That brokerage model would seem to be under assault by new age brokerage services such as Convoy and others.

"You can't have 1 million small trucking companies without brokers, but they're taking a hefty fee without adding much value," Dan Lewis, Convoy's 34-year-old CEO, recently told the Wall Street Journal. Traditional brokerage fees average around 20%. Lewis said Convoy's fee varies, but is less than 20%. "This makes it so much more efficient and truckers can make so much more per job."

A big attraction of this market is its sheer size, some $700 billion in the US alone. That market size dwarfs almost all others that Silicon Valley start-ups may be chasing.

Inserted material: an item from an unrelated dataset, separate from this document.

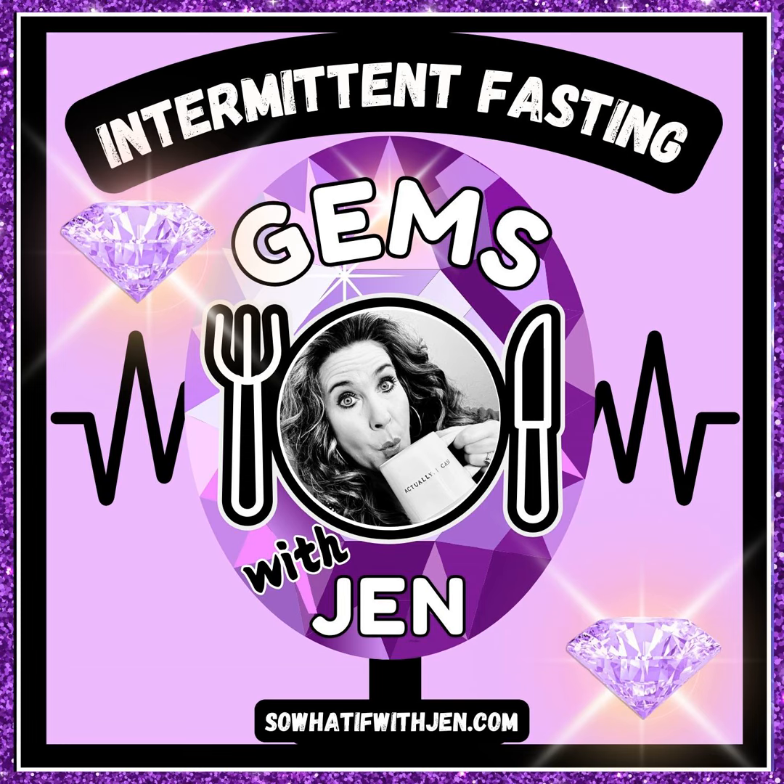Moving on to tip number two for how you can fast easier and longer so you can lose more weight: be a busy bee. Having a daily routine that keeps you busy is an incredible way to help you fast easier and longer. When I am busy, fasting is a piece of cake — one that I don't need or even want to eat. I'm a teacher, and when I'm busy at work with my students, I'm not thinking about food or eating one tiny bit. It's a good idea to focus on activities that distract you from hunger but aren't too strenuous. It's also a good idea to stay away from food-related activities like cooking or baking, or watching TV since there tends to be a lot of tempting, yummy food commercials. Just be busy, buzz around, be productive, and have a little fun while you're at it.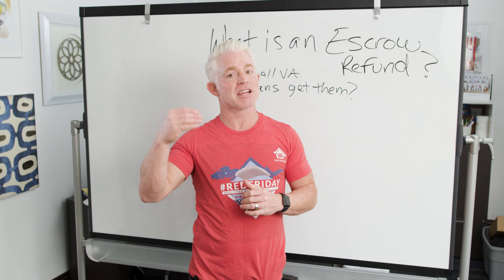So I hope you learned something new today. You've probably heard 'escrow refund' many times, but you should be much more clear on what it is and how it works after watching today. Hopefully you tune in next week — I'll be wearing red, I hope you do too. We'll continue to teach you guys very useful information. Thanks for watching.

The US taxi market, for example, is thought to only be about a $15 billion industry - yet Uber is now valued at some $50 billion (Uber of course is a global company, also operating outside the US).

"I've never seen a larger market opportunity," said Hadi Partovi, an early investor in Facebook, Airbnb, and Dropbox, and who along with Bezos is also investing in Convoy.

A company called Cargomatic is another one trying to build an Uber for the trucking sector. It believes it can lower deadhead miles for trucker by connecting shippers looking for a carrier with truckers headed their way. The two-year-old company has 58 employees and $12 million in funding, and says it has facilitated tens of thousands of shipments in New York and Los Angeles so far this year.

Cargomatic's service means "trucks are fuller more of the time and are taking shorter routes to pick up shipments," CEO Jonathan Kessler says.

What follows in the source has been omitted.